• Work item: Check every line of the data and copy the ones where "Women" appears.
■ ■ ■ ■
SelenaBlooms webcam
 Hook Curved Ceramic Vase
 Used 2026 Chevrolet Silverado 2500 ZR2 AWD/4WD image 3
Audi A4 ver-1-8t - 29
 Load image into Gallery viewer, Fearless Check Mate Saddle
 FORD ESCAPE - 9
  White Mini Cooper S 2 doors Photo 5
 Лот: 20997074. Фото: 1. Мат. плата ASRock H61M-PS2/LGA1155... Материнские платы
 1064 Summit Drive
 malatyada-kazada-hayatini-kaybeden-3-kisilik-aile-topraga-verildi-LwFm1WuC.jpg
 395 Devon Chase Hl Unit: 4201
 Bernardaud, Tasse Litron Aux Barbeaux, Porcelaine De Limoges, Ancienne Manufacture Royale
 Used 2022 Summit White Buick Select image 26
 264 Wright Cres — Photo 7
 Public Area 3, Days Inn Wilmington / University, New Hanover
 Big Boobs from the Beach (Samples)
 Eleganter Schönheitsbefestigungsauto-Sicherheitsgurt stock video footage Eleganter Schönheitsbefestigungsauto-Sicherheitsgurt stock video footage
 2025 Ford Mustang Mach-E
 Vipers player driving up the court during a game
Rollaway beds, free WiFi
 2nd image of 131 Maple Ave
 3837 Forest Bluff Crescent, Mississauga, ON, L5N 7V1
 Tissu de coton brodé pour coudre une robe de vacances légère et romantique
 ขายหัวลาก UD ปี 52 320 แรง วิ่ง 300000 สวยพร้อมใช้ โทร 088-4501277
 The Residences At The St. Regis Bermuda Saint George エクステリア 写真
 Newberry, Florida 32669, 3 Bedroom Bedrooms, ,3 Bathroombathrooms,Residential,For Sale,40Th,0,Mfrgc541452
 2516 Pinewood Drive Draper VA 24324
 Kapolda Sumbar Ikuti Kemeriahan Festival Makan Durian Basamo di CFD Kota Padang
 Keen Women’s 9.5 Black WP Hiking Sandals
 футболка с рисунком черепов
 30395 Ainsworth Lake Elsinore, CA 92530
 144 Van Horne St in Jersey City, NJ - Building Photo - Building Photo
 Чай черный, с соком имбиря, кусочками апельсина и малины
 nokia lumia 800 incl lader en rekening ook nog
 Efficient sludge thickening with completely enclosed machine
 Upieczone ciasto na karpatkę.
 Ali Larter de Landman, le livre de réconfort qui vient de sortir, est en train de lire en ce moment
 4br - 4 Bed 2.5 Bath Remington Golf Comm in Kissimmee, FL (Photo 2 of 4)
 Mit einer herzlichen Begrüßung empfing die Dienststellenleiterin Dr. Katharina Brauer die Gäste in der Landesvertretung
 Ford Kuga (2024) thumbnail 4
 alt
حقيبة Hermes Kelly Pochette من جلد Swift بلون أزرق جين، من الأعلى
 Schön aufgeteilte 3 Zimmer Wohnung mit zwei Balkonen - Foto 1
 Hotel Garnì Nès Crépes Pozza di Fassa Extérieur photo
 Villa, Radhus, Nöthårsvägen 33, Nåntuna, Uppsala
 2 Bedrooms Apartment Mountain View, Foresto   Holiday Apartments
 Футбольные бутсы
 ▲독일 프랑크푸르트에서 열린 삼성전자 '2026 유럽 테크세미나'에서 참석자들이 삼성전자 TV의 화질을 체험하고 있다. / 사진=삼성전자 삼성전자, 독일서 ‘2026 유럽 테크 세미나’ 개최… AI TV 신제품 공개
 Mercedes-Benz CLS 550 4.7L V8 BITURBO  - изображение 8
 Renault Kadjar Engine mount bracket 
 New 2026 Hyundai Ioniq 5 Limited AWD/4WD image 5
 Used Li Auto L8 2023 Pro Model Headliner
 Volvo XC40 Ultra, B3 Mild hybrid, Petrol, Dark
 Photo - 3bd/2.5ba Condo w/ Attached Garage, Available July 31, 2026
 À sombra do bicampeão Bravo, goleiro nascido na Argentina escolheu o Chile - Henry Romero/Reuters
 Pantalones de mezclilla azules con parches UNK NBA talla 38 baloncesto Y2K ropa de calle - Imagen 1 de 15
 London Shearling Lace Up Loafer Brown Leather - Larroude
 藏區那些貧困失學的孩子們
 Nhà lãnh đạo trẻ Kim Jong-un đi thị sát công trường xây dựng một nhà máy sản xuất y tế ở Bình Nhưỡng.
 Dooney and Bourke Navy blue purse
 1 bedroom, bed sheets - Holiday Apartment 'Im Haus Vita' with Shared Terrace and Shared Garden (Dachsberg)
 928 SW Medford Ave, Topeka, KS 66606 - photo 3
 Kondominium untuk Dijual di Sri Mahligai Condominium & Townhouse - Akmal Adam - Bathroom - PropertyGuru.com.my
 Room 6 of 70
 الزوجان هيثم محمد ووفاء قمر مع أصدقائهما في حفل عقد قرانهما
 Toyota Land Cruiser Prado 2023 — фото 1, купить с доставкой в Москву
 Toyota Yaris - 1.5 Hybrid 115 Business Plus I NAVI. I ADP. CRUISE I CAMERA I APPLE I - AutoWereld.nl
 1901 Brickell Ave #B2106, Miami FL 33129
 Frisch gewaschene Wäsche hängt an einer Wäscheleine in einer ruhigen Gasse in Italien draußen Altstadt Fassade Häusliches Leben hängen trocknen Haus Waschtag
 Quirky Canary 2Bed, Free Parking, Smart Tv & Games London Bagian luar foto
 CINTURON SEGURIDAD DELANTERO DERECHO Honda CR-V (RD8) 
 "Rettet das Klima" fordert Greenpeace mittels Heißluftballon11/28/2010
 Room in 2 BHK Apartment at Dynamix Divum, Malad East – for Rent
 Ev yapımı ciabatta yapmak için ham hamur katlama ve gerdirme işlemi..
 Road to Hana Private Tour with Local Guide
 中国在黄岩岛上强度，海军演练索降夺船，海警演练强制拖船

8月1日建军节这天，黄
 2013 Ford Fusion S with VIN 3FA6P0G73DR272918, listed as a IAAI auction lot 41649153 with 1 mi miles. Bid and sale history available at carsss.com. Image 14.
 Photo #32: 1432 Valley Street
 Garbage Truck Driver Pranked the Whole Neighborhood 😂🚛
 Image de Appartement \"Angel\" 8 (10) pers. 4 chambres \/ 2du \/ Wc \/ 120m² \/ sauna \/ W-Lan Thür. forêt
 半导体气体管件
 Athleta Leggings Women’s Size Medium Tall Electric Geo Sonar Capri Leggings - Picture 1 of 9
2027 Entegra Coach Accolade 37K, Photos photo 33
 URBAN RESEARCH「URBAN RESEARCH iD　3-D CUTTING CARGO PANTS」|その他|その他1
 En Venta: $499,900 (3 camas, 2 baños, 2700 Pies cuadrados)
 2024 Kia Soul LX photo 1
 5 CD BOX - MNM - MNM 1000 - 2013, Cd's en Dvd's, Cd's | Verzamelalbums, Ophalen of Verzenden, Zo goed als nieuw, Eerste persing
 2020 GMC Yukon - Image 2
■ ■ ■ ■
• Output:
 Keen Women’s 9.5 Black WP Hiking Sandals
 Athleta Leggings Women’s Size Medium Tall Electric Geo Sonar Capri Leggings - Picture 1 of 9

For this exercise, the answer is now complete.